Items from a dataset
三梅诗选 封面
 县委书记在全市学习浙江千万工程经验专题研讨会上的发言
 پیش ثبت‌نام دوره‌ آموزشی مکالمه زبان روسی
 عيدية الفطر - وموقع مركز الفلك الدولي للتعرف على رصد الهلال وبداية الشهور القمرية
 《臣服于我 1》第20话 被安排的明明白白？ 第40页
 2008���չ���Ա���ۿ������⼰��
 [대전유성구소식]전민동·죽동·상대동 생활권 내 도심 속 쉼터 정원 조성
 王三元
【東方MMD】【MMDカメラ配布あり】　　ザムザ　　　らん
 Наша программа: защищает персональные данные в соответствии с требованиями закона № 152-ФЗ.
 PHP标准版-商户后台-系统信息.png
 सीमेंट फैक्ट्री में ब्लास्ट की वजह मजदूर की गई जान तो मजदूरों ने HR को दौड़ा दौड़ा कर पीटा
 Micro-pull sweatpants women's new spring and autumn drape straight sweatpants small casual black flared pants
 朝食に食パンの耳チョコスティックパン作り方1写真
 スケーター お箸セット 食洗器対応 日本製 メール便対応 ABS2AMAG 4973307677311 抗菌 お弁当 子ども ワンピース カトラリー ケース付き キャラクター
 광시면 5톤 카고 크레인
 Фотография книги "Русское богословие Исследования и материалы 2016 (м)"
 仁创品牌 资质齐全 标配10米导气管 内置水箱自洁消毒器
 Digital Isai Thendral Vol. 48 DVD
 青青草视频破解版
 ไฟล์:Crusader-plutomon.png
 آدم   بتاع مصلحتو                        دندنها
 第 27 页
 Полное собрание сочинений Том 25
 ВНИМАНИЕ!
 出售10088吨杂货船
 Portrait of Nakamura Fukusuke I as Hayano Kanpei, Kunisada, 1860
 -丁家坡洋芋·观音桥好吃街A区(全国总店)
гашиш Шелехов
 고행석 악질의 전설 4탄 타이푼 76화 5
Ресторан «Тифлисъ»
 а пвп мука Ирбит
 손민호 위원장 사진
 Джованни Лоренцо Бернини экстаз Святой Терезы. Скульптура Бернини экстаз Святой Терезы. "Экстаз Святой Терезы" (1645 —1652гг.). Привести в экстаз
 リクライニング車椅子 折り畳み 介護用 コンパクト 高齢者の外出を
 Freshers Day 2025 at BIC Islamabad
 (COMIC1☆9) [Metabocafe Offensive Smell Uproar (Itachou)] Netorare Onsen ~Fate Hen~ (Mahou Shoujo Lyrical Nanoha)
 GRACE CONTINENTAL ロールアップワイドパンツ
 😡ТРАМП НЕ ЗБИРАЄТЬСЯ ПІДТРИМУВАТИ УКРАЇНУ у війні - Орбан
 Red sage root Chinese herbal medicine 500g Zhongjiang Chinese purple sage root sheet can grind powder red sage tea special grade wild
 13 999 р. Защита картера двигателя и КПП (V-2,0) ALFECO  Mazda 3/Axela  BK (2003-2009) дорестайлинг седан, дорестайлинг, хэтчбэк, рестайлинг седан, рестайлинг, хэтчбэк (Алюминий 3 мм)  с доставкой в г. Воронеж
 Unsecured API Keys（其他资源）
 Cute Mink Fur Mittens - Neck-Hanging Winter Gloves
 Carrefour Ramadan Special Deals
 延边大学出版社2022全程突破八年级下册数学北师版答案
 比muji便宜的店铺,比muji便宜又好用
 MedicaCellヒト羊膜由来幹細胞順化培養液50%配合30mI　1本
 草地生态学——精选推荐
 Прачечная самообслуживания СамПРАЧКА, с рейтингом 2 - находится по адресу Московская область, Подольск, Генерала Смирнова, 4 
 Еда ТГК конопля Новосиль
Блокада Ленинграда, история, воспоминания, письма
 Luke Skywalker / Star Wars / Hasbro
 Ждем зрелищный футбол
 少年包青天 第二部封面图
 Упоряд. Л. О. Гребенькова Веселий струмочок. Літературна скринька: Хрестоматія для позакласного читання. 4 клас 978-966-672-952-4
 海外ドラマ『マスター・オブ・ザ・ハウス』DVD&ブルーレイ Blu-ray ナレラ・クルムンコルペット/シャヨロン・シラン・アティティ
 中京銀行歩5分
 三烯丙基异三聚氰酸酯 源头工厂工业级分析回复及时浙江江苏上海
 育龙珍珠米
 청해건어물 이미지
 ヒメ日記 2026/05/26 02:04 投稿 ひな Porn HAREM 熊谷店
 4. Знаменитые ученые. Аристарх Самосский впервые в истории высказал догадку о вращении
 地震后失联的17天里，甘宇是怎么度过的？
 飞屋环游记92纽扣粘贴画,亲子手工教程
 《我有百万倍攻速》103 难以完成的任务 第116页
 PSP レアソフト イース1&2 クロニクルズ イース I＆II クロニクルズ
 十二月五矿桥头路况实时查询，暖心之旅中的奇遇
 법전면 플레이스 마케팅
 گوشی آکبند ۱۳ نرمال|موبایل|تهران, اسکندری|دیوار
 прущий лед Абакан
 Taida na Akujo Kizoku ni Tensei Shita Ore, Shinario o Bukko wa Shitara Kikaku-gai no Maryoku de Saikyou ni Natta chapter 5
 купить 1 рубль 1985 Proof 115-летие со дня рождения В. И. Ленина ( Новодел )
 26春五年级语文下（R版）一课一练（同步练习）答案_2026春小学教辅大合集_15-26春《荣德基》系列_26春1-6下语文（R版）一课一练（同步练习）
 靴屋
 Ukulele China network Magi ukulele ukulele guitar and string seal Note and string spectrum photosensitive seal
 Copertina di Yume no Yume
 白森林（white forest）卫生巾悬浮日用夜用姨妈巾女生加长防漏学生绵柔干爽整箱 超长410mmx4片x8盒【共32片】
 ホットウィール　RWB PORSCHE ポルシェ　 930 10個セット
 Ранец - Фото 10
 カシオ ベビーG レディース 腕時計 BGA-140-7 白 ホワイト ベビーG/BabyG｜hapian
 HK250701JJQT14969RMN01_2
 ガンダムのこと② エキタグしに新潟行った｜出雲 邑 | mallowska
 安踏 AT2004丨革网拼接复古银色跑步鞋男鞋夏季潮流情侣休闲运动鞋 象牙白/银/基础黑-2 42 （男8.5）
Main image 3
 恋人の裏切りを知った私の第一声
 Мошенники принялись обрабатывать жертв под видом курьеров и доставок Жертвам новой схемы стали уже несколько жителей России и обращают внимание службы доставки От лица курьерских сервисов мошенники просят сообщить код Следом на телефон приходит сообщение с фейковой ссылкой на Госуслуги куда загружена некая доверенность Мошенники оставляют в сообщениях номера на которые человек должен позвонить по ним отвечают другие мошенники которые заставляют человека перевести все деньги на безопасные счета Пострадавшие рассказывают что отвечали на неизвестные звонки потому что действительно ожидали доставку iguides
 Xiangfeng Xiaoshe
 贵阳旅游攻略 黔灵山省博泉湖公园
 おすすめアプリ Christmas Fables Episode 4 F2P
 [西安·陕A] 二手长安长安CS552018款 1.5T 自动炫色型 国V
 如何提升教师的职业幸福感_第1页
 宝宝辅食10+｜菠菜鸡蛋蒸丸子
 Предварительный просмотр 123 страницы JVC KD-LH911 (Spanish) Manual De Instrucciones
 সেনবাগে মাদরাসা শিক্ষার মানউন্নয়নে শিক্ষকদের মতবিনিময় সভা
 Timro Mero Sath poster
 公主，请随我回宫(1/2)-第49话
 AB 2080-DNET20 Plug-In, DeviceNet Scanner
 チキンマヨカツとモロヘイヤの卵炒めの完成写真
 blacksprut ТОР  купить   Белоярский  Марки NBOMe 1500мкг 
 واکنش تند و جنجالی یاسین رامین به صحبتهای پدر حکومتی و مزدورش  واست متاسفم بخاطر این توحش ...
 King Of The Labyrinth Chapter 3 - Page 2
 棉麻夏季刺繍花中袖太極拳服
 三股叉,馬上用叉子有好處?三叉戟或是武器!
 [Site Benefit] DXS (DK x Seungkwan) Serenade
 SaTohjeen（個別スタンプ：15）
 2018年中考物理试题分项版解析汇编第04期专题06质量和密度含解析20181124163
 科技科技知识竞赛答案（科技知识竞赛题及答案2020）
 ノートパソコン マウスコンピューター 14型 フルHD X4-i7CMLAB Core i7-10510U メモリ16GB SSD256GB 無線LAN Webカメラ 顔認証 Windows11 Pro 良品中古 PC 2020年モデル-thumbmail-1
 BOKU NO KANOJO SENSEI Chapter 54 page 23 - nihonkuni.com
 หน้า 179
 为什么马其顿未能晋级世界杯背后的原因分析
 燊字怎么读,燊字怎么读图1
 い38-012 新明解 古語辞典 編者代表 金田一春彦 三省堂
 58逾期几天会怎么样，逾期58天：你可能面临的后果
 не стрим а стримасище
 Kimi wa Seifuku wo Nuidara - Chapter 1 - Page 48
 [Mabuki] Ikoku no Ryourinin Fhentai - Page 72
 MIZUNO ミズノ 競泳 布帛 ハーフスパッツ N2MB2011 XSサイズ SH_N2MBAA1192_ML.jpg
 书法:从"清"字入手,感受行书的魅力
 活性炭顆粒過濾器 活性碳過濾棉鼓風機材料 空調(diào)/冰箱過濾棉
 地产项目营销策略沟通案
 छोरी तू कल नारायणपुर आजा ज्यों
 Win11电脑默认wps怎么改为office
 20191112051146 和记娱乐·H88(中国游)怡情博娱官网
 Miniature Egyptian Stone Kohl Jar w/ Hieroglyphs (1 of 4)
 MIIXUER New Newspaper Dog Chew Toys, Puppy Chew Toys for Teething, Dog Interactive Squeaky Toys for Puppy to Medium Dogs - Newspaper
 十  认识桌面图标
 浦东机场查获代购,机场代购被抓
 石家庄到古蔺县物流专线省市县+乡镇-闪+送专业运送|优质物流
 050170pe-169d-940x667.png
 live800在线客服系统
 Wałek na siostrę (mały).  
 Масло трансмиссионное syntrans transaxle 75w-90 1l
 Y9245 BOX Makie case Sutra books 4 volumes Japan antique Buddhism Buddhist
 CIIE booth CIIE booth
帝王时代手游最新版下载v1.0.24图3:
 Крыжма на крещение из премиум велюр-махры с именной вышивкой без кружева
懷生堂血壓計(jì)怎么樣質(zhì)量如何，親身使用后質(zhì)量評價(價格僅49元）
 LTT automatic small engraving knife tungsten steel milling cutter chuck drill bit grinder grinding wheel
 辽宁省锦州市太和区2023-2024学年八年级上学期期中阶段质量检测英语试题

- _Your objective_
Begin with the first line of the records and reproduce each line as is, ending with the line that holds "सीमेंट फैक्ट्री में".

- _Exercise solution_
三梅诗选 封面
 县委书记在全市学习浙江千万工程经验专题研讨会上的发言
 پیش ثبت‌نام دوره‌ آموزشی مکالمه زبان روسی
 عيدية الفطر - وموقع مركز الفلك الدولي للتعرف على رصد الهلال وبداية الشهور القمرية
 《臣服于我 1》第20话 被安排的明明白白？ 第40页
 2008���չ���Ա���ۿ������⼰��
 [대전유성구소식]전민동·죽동·상대동 생활권 내 도심 속 쉼터 정원 조성
 王三元
【東方MMD】【MMDカメラ配布あり】　　ザムザ　　　らん
 Наша программа: защищает персональные данные в соответствии с требованиями закона № 152-ФЗ.
 PHP标准版-商户后台-系统信息.png
 सीमेंट फैक्ट्री में ब्लास्ट की वजह मजदूर की गई जान तो मजदूरों ने HR को दौड़ा दौड़ा कर पीटा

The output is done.